Develop Content Based on the Results You Find
This tip seems like a no-brainer, but it’s an important point to reiterate. What topics are trending in your target market? Do certain questions appear often from customers? What stories do your customers care about?
If a brand isn’t monitoring feedback from its customers, then it could miss opportunities to give them what they want. Brands should check everything from tweets and Facebook comments to Yelp! reviews to provide content that answers customers’ concerns or frequently asked questions.
“Everything is a story,” Harper said. “And listening in is the first step to finding what those stories are.”
By monitoring Twitter, Honda discovered a band that was creating music videos from their cars. The brand showed its appreciation to the Honda owners through its Honda Loves You Back campaign by surprising the band, Monsters Calling Home, with an appearance on Jimmy Kimmel Live. The Honda Loves You Back campaign resonated with Honda enthusiasts and garnered positive attention from the ad industry and potential customers.
Improve Customer Service
Customers expect to be able to reach out to a company on whatever platform they want, Harper said. For some, that means connecting through Facebook or Twitter.

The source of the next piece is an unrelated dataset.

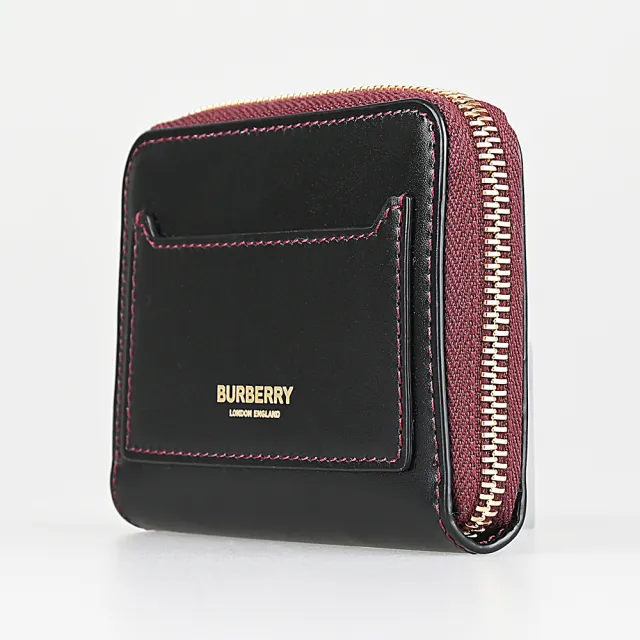 【BURBERRY 巴寶莉】BURBERRY 金字LOGO牛皮車線飾邊4卡拉鍊零錢包(黑x酒紅)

If a company rep wouldn’t leave an email unanswered for 24 hours, then perhaps he shouldn’t let a tweet go unnoticed either. Brands should respond as quickly as possible on social media and provide the best information in a clear, concise manner. The one customer that gets help will probably feel endeared to the brand, and the brand’s social followers can see firsthand how it promptly responds to customers’ needs.
Create More of the Content that Performs Well
Counting the number of shares and favorites, or using tools such as Google Analytics can help brands see what’s already popular on their website and social media platforms. If an audience gravitates towards a certain topic or a certain format, such as Q&As or numbered lists, then brands should consider recreating similar content.

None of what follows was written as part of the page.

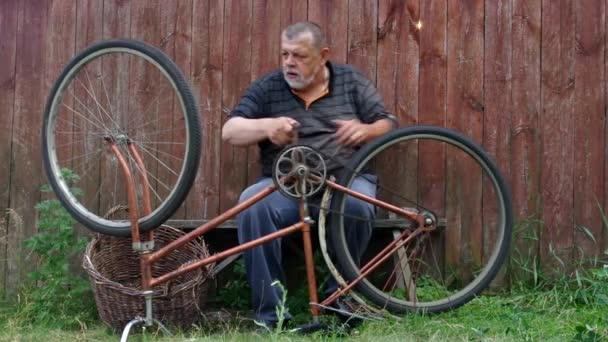 ひげを生やした年配の男性には木製のフェンスに座っているを修復する非常に古い自転車神経質 — ストック動画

For example, Nick Ayres, the global director of social marketing for the InterContinental Hotels Group, said IHG tries to find out what customers are saying about sleep in the Holiday Inn Express Stay Smart marketing campaign. They want to see the chatter about IHG’s brands, including Holiday Inn Express, and IHG’s competitors.
“We tune that listening in a way that helps us inform campaign decisions both at an aggregate level to understand how well the campaigns perform, but also as we think about iterations in the midst of the campaign,” Ayres said.

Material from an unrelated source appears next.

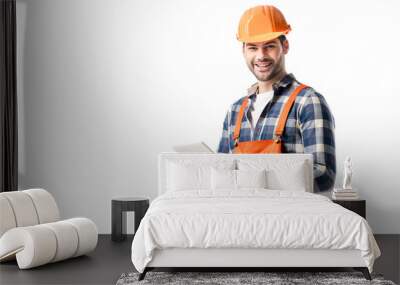 Smiling builder in orange overall and hard hat using digital tablet isolated on white Wall mural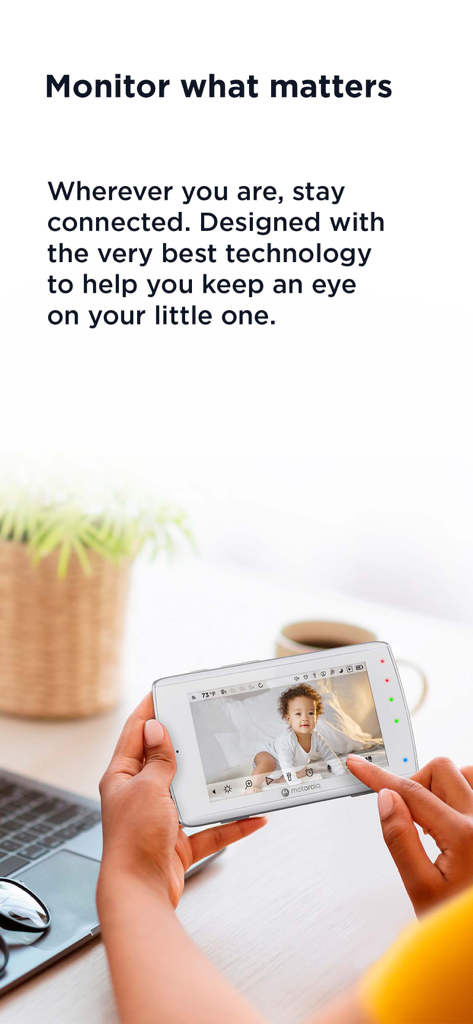 Handheld Motorola monitor displaying a live video feed of a baby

So Holiday Inn Express knows what messages resonate well with its audience and makes adjustments to include similar elements in the rest of the campaign.
Plug in the Holes
Use social insights to improve products or processes customers find unsatisfactory or convoluted.
Do you remember when Gap tried to change its logo? When the company unveiled a new logo in fall 2010, customers expressed their ire on social media. Gap listened.
The clothing brand responded by crowdsourcing logo designs from its customers. Gap ultimately decided to stick with its logo of 20-plus years and acquiesced to the social media backlash.
Discover Brand Advocates and Develop Partnerships
Sometimes the best advocate is not the company itself, but it’s a real-life customer. Use social media listening to find key influencers and have those customers speak for the brand.
Many companies send social influencers with large followings their products and request reviews. A well-placed review can do wonders. The company wins because it reaches its target audience, but spends less money than it would on traditional advertising. Plus, the influencer has already built credibility with his audience, so the audience is willing to listen.
Social media listening helps brands identify online conversations about their products and use those insights to engage with customers, develop new content and identify potential partnerships with influencers. Social media listening can be an arduous task. But once a company develops its strategy and hones in on the data that’s most helpful, the benefits abound.